The last word ended on a sob, and he pulled her close to him.
“It wasn’t your fault, it isn’t your fault,” he firmly said.
“Yes, it is!” She cried out. “I killed him because I couldn’t take it anymore. His blood is on my hands, I killed him, and I’m a murderer!”
His irritation grew, this time, with her. His sister could be a little idiot sometimes.
“The coroner affirmed that dad died after he fells from the stairs and broke his neck. You couldn’t have had anything to do that, unless you pushed him down yourself, which I know you didn’t.”
“I poisoned him!” She yelled at him. “I’ve been poisoning him for a week, which is why he was weakened and he fell down, I did it!”
“Do not raise your voice at me,” he whispered fiercely, “you little idiot. Did you actually think that was really poison you were giving to him?”
She frowned in confusion, and blinked at him, “What do you mean? Of course, it was really poison! Wait, how do you know…?”
“If you think I don’t keep tabs on you, you’re mistaken.

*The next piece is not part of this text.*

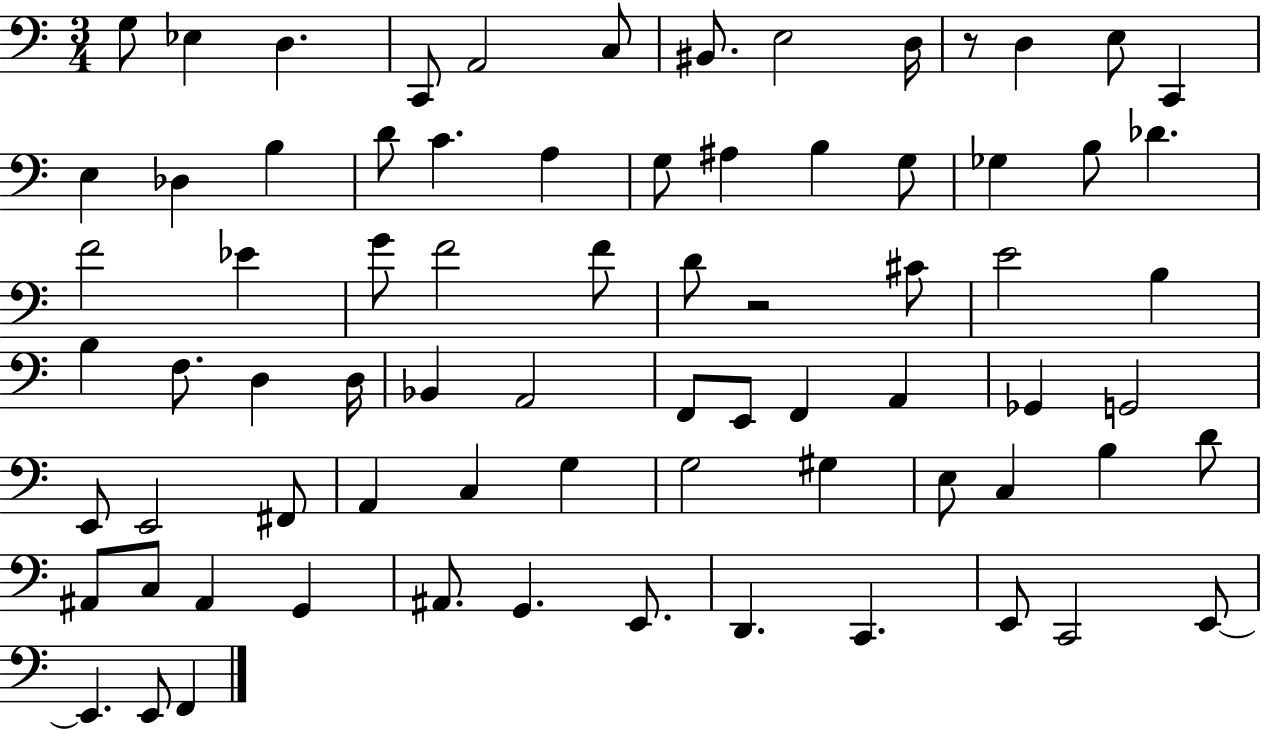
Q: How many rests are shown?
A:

I knew what he was doing, and I know you purchased that so-called poison from that herbal store. The cashier is an acquaintance and he informed me the minute you stepped into that store. All he gave you was a mild sleep medicine. He thought you wanted to poison yourself.”
“Then, dad died because he was drowsy! It’s still my fault,” she insisted, as he rolled his eyes.

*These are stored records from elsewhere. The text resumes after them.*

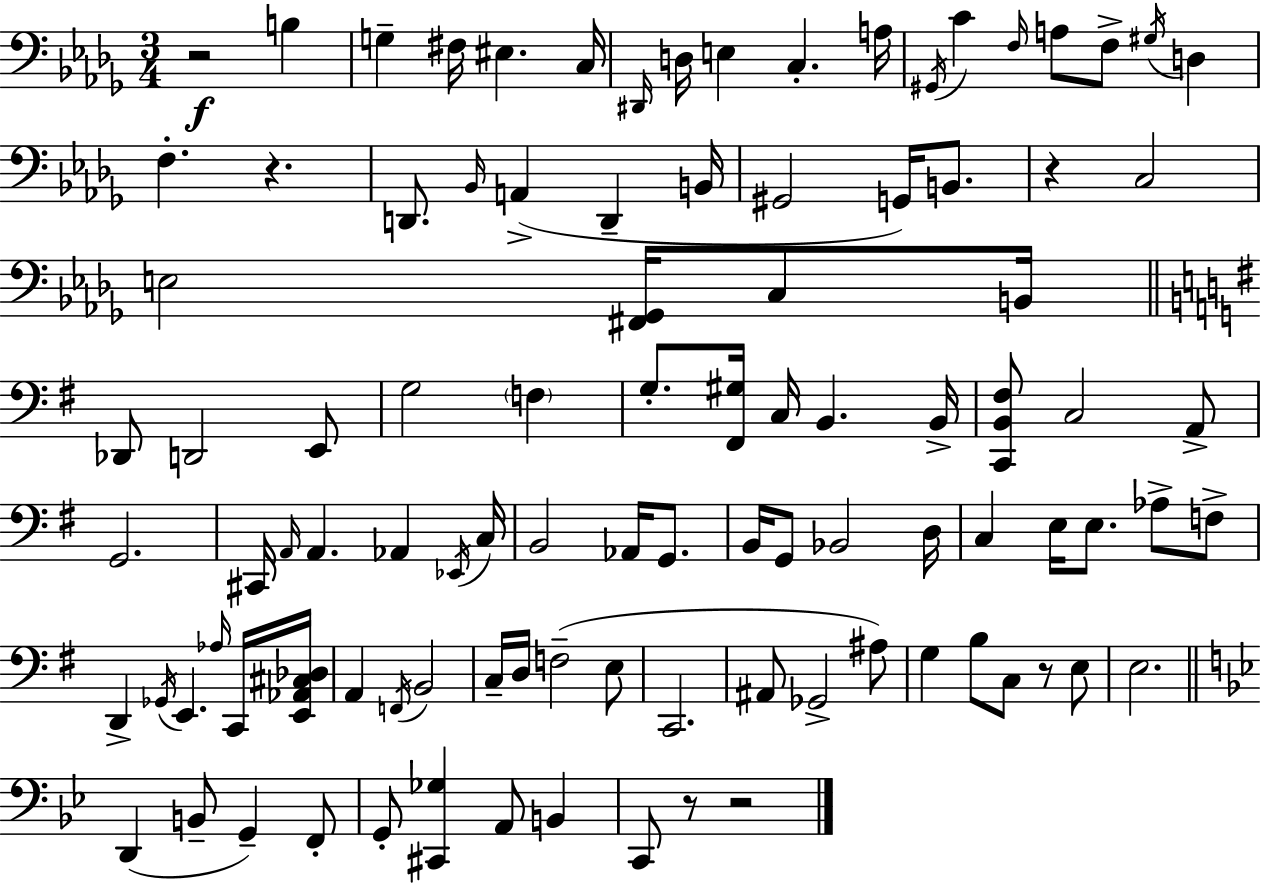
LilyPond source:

{
  \clef bass
  \numericTimeSignature
  \time 3/4
  \key bes \minor
  r2\f b4 | g4-- fis16 eis4. c16 | \grace { dis,16 } d16 e4 c4.-. | a16 \acciaccatura { gis,16 } c'4 \grace { f16 } a8 f8-> \acciaccatura { gis16 } | \break d4 f4.-. r4. | d,8. \grace { bes,16 } a,4->( | d,4-- b,16 gis,2 | g,16) b,8. r4 c2 | \break e2 | <fis, ges,>16 c8 b,16 \bar "||" \break \key g \major des,8 d,2 e,8 | g2 \parenthesize f4 | g8.-. <fis, gis>16 c16 b,4. b,16-> | <c, b, fis>8 c2 a,8-> | \break g,2. | cis,16 \grace { a,16 } a,4. aes,4 | \acciaccatura { ees,16 } c16 b,2 aes,16 g,8. | b,16 g,8 bes,2 | \break d16 c4 e16 e8. aes8-> | f8-> d,4-> \acciaccatura { ges,16 } e,4. | \grace { aes16 } c,16 <e, aes, cis des>16 a,4 \acciaccatura { f,16 } b,2 | c16-- d16 f2--( | \break e8 c,2. | ais,8 ges,2-> | ais8) g4 b8 c8 | r8 e8 e2. | \break \bar "||" \break \key bes \major d,4( b,8-- g,4--) f,8-. | g,8-. <cis, ges>4 a,8 b,4 | c,8 r8 r2 | \bar "|."
}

“Oh for God’s sake, do you hear yourself? The man was an alcoholic, and that sleep syrup wasn’t going to knock him out! You’re not the murderer here!”
“But if he didn’t lose his footing, which meant the stairs couldn’t have killed him…” she trailed off.
He fixed her with his stare.
“You need to know that I will always protect you,” he stated, “and to protect you, he needed to stop. I wanted to take custody of you a long time ago, but he’d have never allowed it. He enjoyed control, him and mom, both enjoyed control.”
A dark shadow overcame his expression, and that’s when she realized.
“Does that mean both their deaths weren’t an accident…” she asked, timidly, but not too afraid of the answer. Her parents weren’t very pleasant people.
“You have to know that I will always protect you,” he repeated fiercely.
In that moment, she would have believed anything that came out of the mouth. She nodded at him, surprised at the absence of fear.
“No more beatings,” she peaked at him from underneath her lashes.
He smiled grimly, “No more beatings.”
Little did she know that just like an aptitude for music, violence also ran in the family, and she would never truly be safe.